En Californie, Starbucks devra désormais afficher un avertissement contre le cancer avant de servir un café

Tout le monde le sait: boire trop de café n'est pas bon pour la santé. Aux Etats-Unis, un juge de de la Cour supérieur de Californie l'a bien compris: les producteurs de café devront désormais prendre afficher un avertissement contre le cancer.
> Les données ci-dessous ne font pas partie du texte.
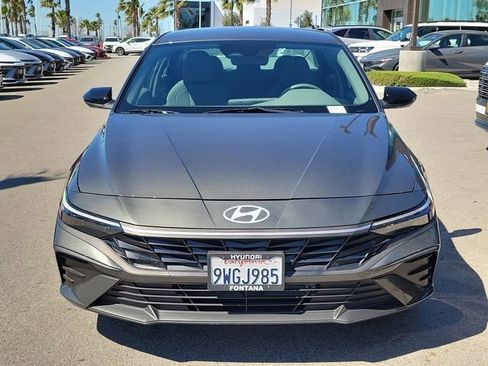 Certified 2025 Hyundai Elantra SEL FWD image 28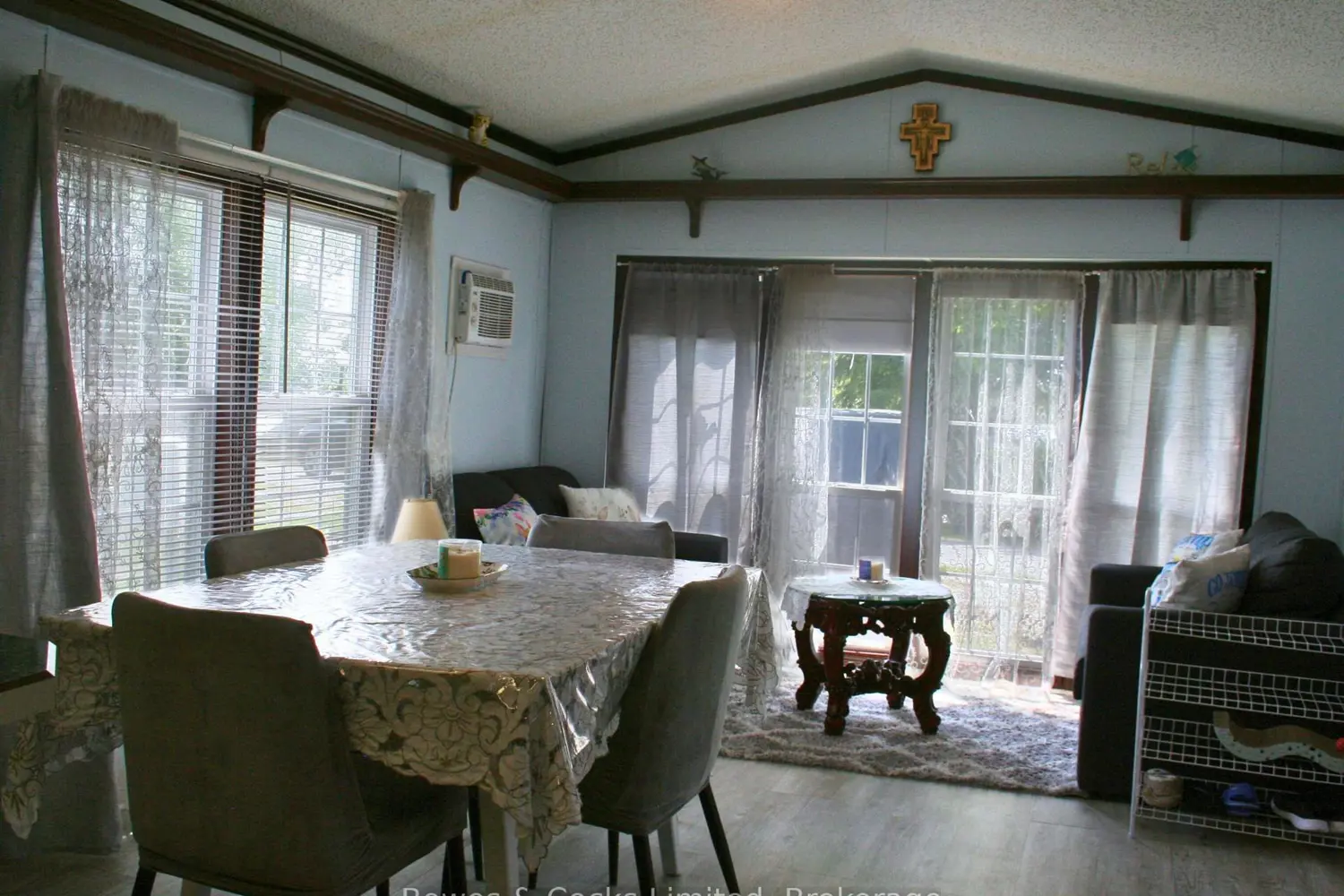 13 Trillium Drive photo 5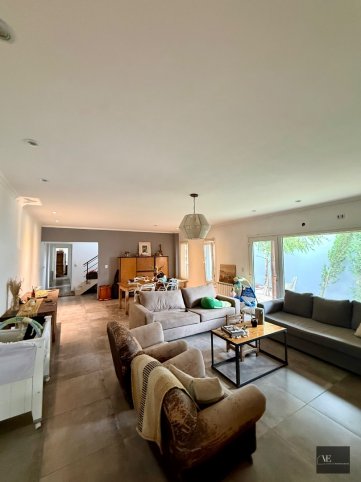 Casa 4 dorm, 254m² en Los Huesos — Zona La Rural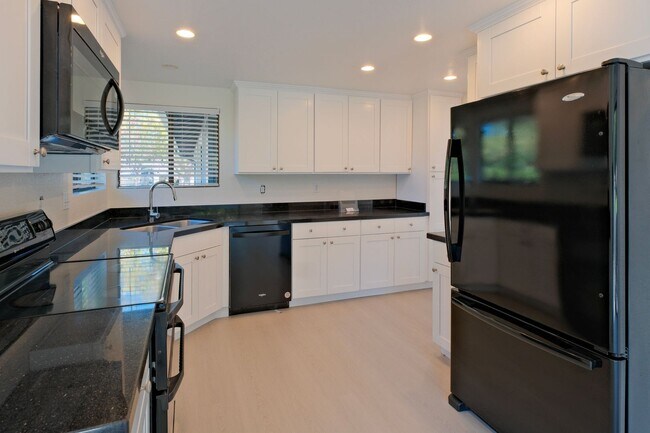 Building Photo - Spacious 3 Bedroom 2 Bath townhome for ren...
En cause, un produit chimique utilisé dans le processus de torréfaction.

Comme souvent aux États-Unis, tout est parti d'une plainte. Le Conseil pour l'éducation et la recherche sur les produits toxiques a poursuivi Starbucks et 90 autres fabricants et vendeurs de café. Cette asbl leur reproche de ne pas respecter la loi. Celle-ci les contraint pourtant à afficher un avertissement sur une large gamme de produits chimiques qui provoquent le cancer. Parmi eux, l'acrylamide, un cancérogène présent dans le café.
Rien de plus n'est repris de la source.